INSTRUCTIONS TO FOLLOW: Copy every record exactly, and keep the pictures out.

** Opening DATA SHOWN block **

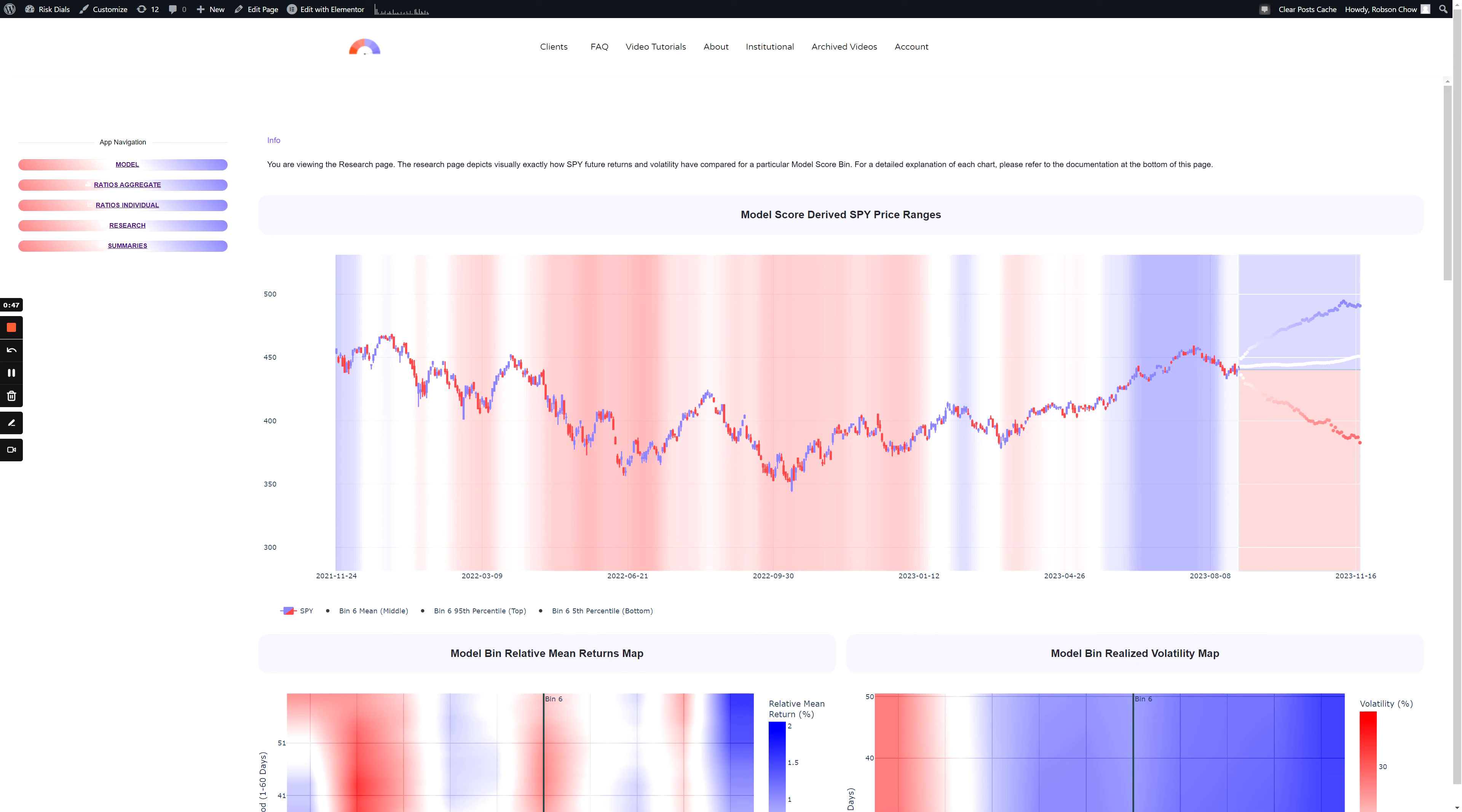The candlesticks and heatmap allow a visual representation of the historical price and model score range through time. The heatmap color denotes the bin that the model was trading in. Deeper blues indicate stronger positive model scores, while deeper reds indicate strongly negative model score ranges on average. Currently, we are trading in the sixth model score bin.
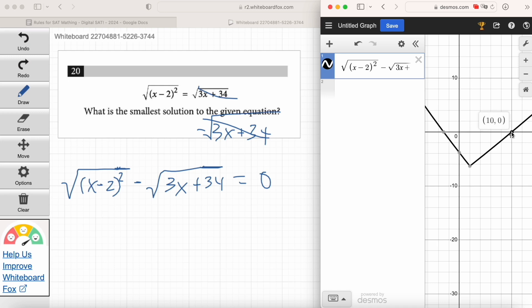Negative 3 and 10 are the X-intercepts — so what's the right answer? Negative 3 is the smallest solution.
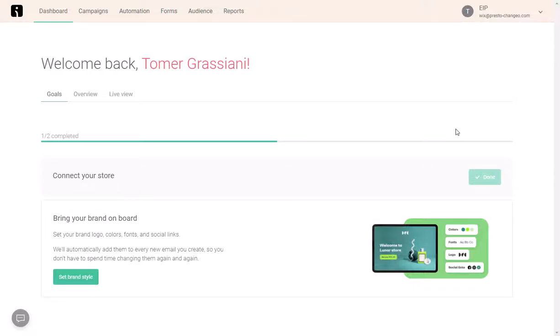This video will show you how to create an abandoned cart automation using OmniSend. You'll start by logging into your OmniSend account and go to automation.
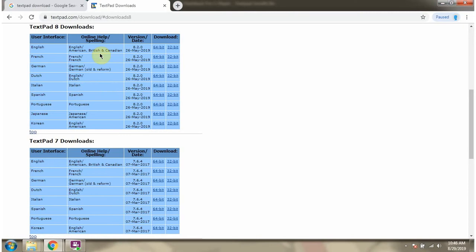We can download TextPad software from this site. If your operating system is 64-bit, download the 64-bit TextPad installer. And if your operating system is 32-bit, then download the 32-bit TextPad installer.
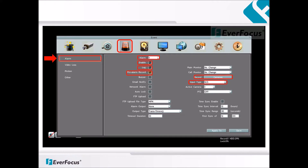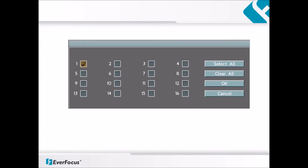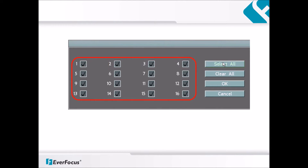The record option refers to which camera will be recording the video. Clicking on this will bring up another pop-up window. Once the record option is selected, the following pop-up window is displayed. Each number refers to a camera. A user has the option of selecting one or more cameras to start recording once the alarm input is triggered. Select All can be used to select all cameras, and Clear All can be used to remove all selected cameras. Once the selection has been made, the OK button can be used to save settings.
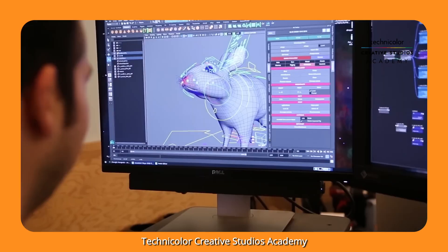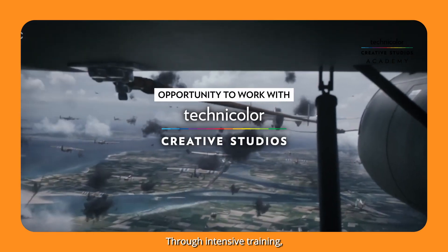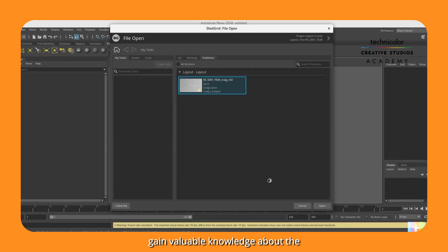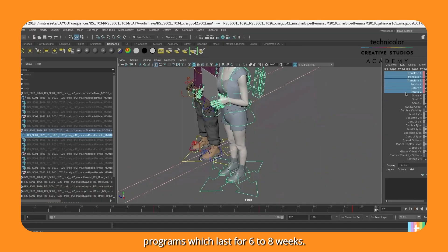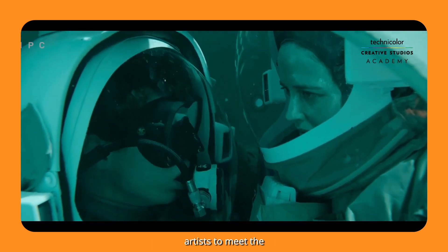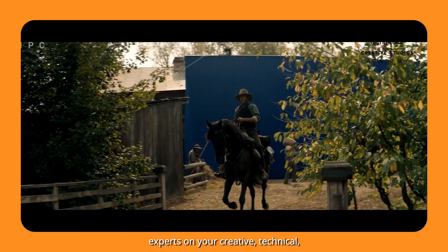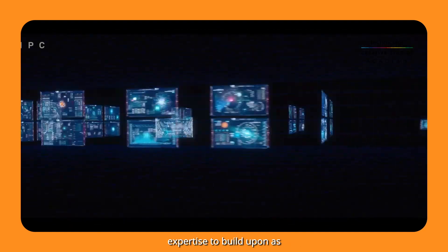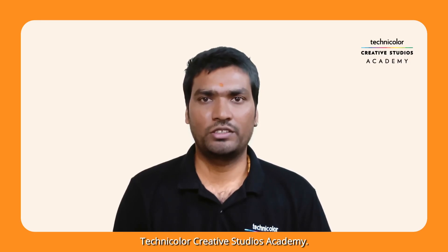Technical Creative Studios Academy is a program preparing artists for their journey through the world's top visual effects studios through intensive training. You will have the chance to connect with trainers who have real-time production experience, and you will master your skills and gain valuable knowledge about the production pipeline. Our academy runs a variety of training programs which last 6 to 8 weeks. Our course prepares you for a career in visual effects by working with industry experts on your creative, technical, procedural, and soft skills. Please follow the link in the description to join the Technical Creative Studios Academy.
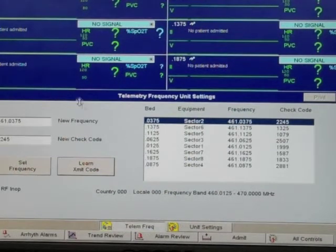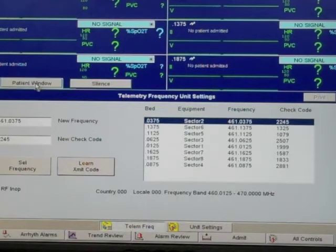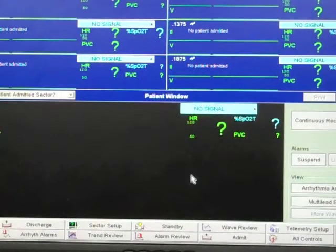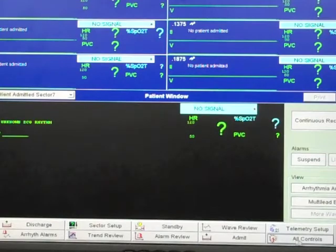Mouse over any sector and click patient window. In the lower right-hand corner of the screen, click all controls.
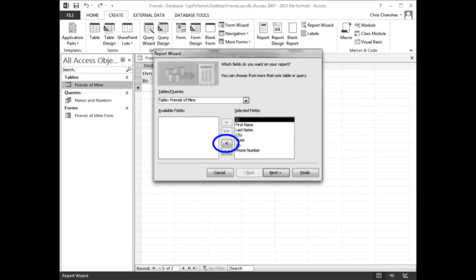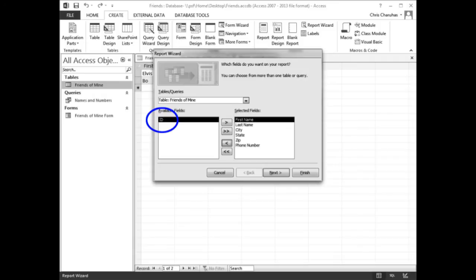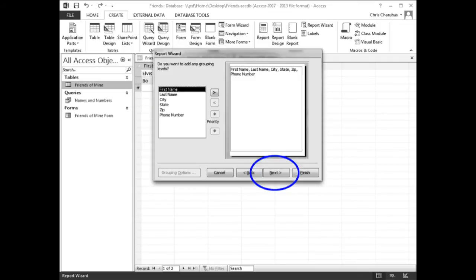In the Selected Fields list box, click ID, then click the remove button. The ID field should be removed. Click the Next button. When the next screen appears, click Next again.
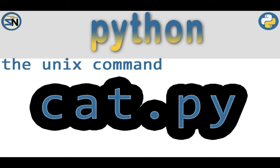Hey team, welcome back to my channel. In this video, we're going to write a Python program that is like the cat command in Unix. Hope you enjoy this.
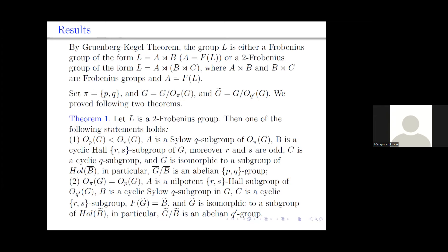Let P = {p, q} and Ḡ = G/O_{q'}(G). We proved the following two theorems. The first theorem is about the case when L is a two-Frobenius group, and the second theorem is about the case when L is a Frobenius group. Let me describe Theorem 1 in more detail. Let L be a two-Frobenius group.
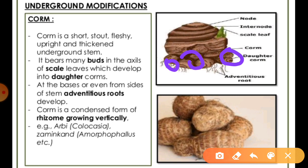In many places there is a lot of jimikandha (elephant foot yam), and if you have seen them growing in the real world, they are a modified stem. They show specific structures, and at their base, adventitious roots are developed.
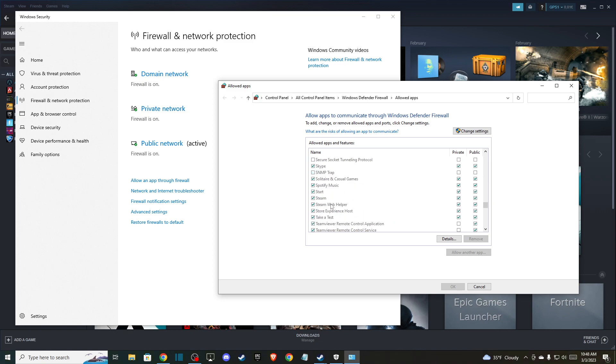Steam and Steam Web Helper is on, these options are ticked on. As you can see here, Public and Private, make sure that you have these options as well. So these are the five solutions that may help you to fix corrupt disk file.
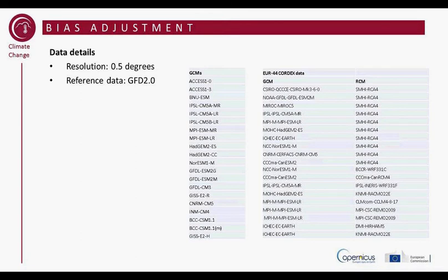Here are our current list of models which we are going to use. The resolution for the bias adjustment will be 0.5 degrees, which is the resolution of the observation data. The observation data is the GFD 2.0 data. The first list shows GCM models, which cover the whole earth, and we remap them to 0.5 degrees before going into the bias adjustment.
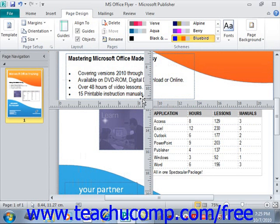This allows you to move the rulers right next to objects on screen so that you can precisely position them. Once you've finished making any adjustments that you want, you can click and drag the origin point of the ruler back to the upper left corner of the screen so that they're out of the way.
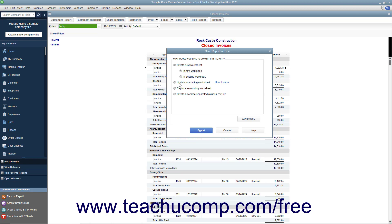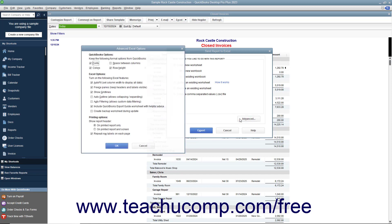You can also save it as a CSV file, which would be opened using Excel. You can also indicate whether or not you want to preserve the QuickBooks formatting by clicking the Advanced button.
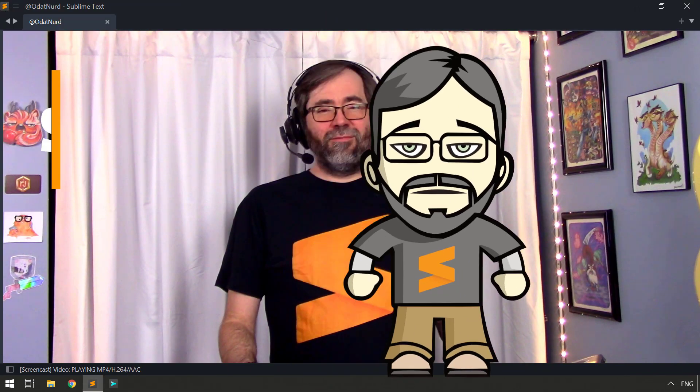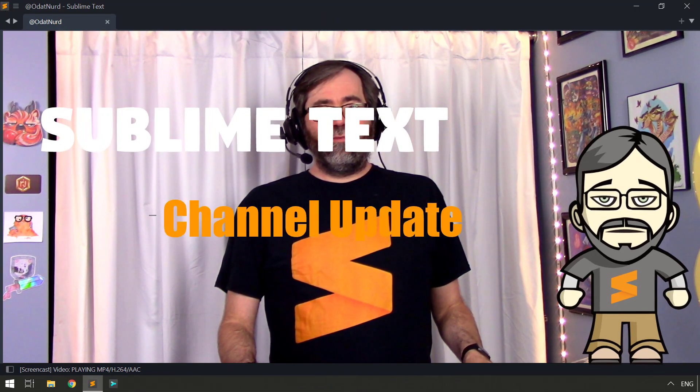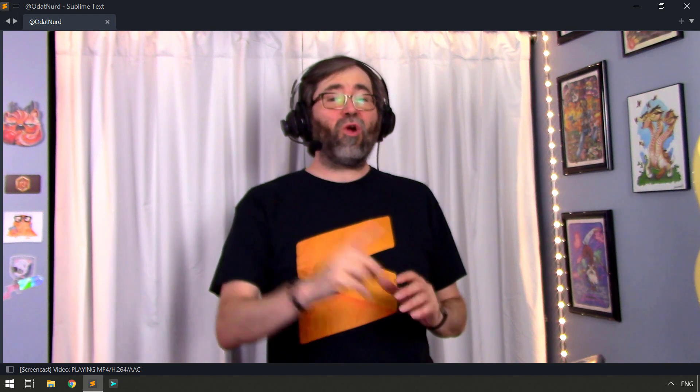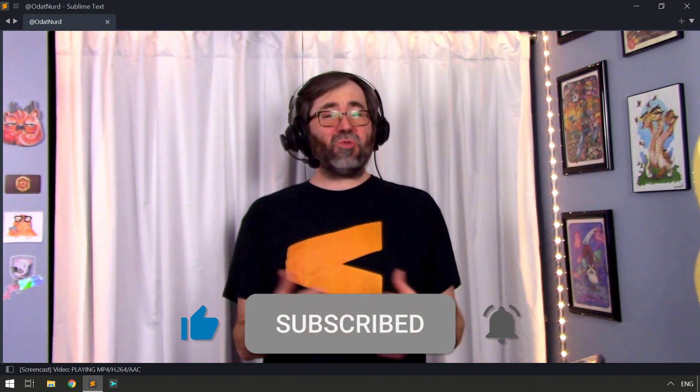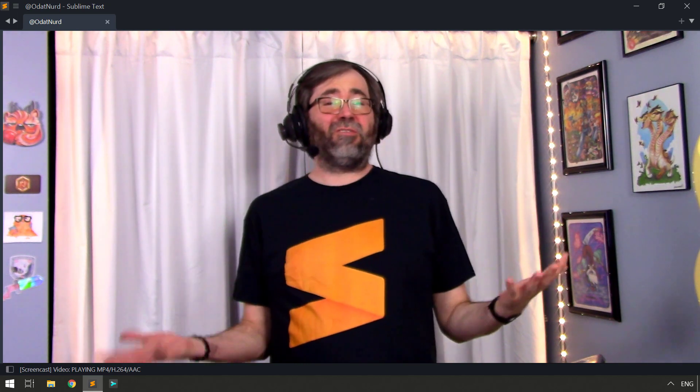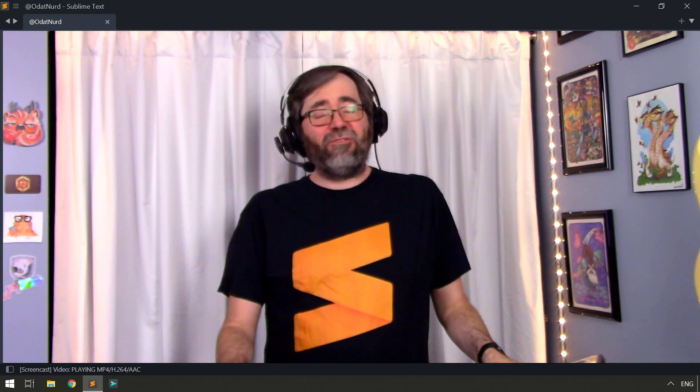Normally in videos here on the channel, I'm here answering questions that you guys have about Sublime Text, but this week the video is a little bit different. Hey, hello, fellow Sublime Text fanatics, Oda and Adrian, welcome to this week's video, which isn't a usual tutorial video. Not to worry, those are going to come back next week as per the regular schedule. This is one of our semi-regular update videos and this one has to do with live streams.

** Closing DATA SHOWN block **

WRITTEN RESPONSE:
The candlesticks and heatmap allow a visual representation of the historical price and model score range through time. The heatmap color denotes the bin that the model was trading in. Deeper blues indicate stronger positive model scores, while deeper reds indicate strongly negative model score ranges on average. Currently, we are trading in the sixth model score bin.
Negative 3 and 10 are the X-intercepts — so what's the right answer? Negative 3 is the smallest solution.
This video will show you how to create an abandoned cart automation using OmniSend. You'll start by logging into your OmniSend account and go to automation.
We can download TextPad software from this site. If your operating system is 64-bit, download the 64-bit TextPad installer. And if your operating system is 32-bit, then download the 32-bit TextPad installer.
The record option refers to which camera will be recording the video. Clicking on this will bring up another pop-up window. Once the record option is selected, the following pop-up window is displayed. Each number refers to a camera. A user has the option of selecting one or more cameras to start recording once the alarm input is triggered. Select All can be used to select all cameras, and Clear All can be used to remove all selected cameras. Once the selection has been made, the OK button can be used to save settings.
Technical Creative Studios Academy is a program preparing artists for their journey through the world's top visual effects studios through intensive training. You will have the chance to connect with trainers who have real-time production experience, and you will master your skills and gain valuable knowledge about the production pipeline. Our academy runs a variety of training programs which last 6 to 8 weeks. Our course prepares you for a career in visual effects by working with industry experts on your creative, technical, procedural, and soft skills. Please follow the link in the description to join the Technical Creative Studios Academy.
Mouse over any sector and click patient window. In the lower right-hand corner of the screen, click all controls.
In the Selected Fields list box, click ID, then click the remove button. The ID field should be removed. Click the Next button. When the next screen appears, click Next again.
Hey team, welcome back to my channel. In this video, we're going to write a Python program that is like the cat command in Unix. Hope you enjoy this.
Let P = {p, q} and Ḡ = G/O_{q'}(G). We proved the following two theorems. The first theorem is about the case when L is a two-Frobenius group, and the second theorem is about the case when L is a Frobenius group. Let me describe Theorem 1 in more detail. Let L be a two-Frobenius group.
In many places there is a lot of jimikandha (elephant foot yam), and if you have seen them growing in the real world, they are a modified stem. They show specific structures, and at their base, adventitious roots are developed.
Steam and Steam Web Helper is on, these options are ticked on. As you can see here, Public and Private, make sure that you have these options as well. So these are the five solutions that may help you to fix corrupt disk file.
Here are our current list of models which we are going to use. The resolution for the bias adjustment will be 0.5 degrees, which is the resolution of the observation data. The observation data is the GFD 2.0 data. The first list shows GCM models, which cover the whole earth, and we remap them to 0.5 degrees before going into the bias adjustment.
This allows you to move the rulers right next to objects on screen so that you can precisely position them. Once you've finished making any adjustments that you want, you can click and drag the origin point of the ruler back to the upper left corner of the screen so that they're out of the way.
You can also save it as a CSV file, which would be opened using Excel. You can also indicate whether or not you want to preserve the QuickBooks formatting by clicking the Advanced button.
Normally in videos here on the channel, I'm here answering questions that you guys have about Sublime Text, but this week the video is a little bit different. Hey, hello, fellow Sublime Text fanatics, Oda and Adrian, welcome to this week's video, which isn't a usual tutorial video. Not to worry, those are going to come back next week as per the regular schedule. This is one of our semi-regular update videos and this one has to do with live streams.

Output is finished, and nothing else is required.